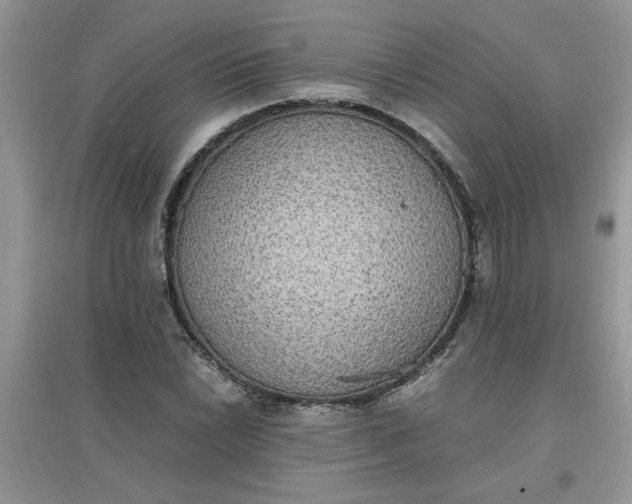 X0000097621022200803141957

━━━━━━━━━━━━━━━━━━━━

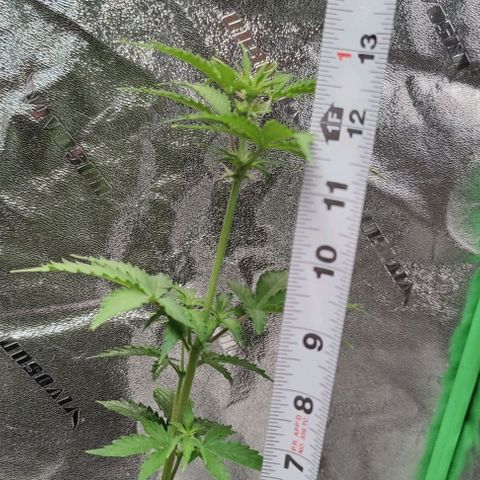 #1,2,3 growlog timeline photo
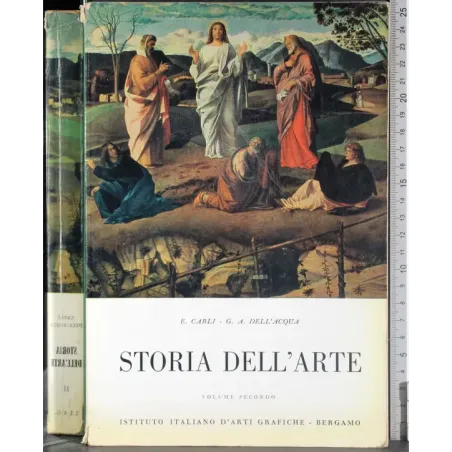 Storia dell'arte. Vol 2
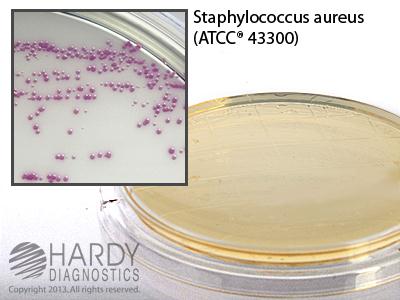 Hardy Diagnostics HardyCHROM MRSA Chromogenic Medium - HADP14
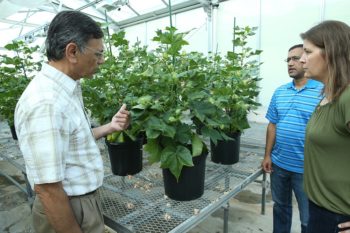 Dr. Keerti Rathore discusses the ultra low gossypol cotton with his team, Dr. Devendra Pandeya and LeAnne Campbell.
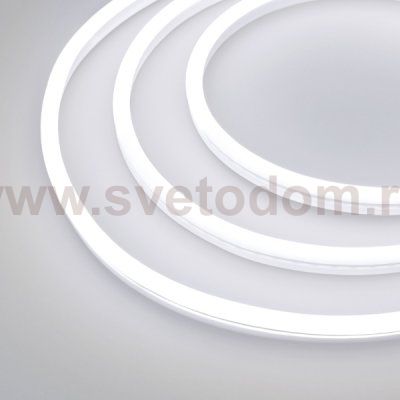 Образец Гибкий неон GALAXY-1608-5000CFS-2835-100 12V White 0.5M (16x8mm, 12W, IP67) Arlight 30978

━━━━━━━━━━━━━━━━━━━━

• _Task to complete_
Write out, word for word, the stretch of entries that begins at the line with "#1,2,3 growlog timeline photo" and ends at the line with "Образец Гибкий неон". Pictures do not belong in it.

• _Solution_
 #1,2,3 growlog timeline photo
 Storia dell'arte. Vol 2
 Hardy Diagnostics HardyCHROM MRSA Chromogenic Medium - HADP14
 Dr. Keerti Rathore discusses the ultra low gossypol cotton with his team, Dr. Devendra Pandeya and LeAnne Campbell.
 Образец Гибкий неон GALAXY-1608-5000CFS-2835-100 12V White 0.5M (16x8mm, 12W, IP67) Arlight 30978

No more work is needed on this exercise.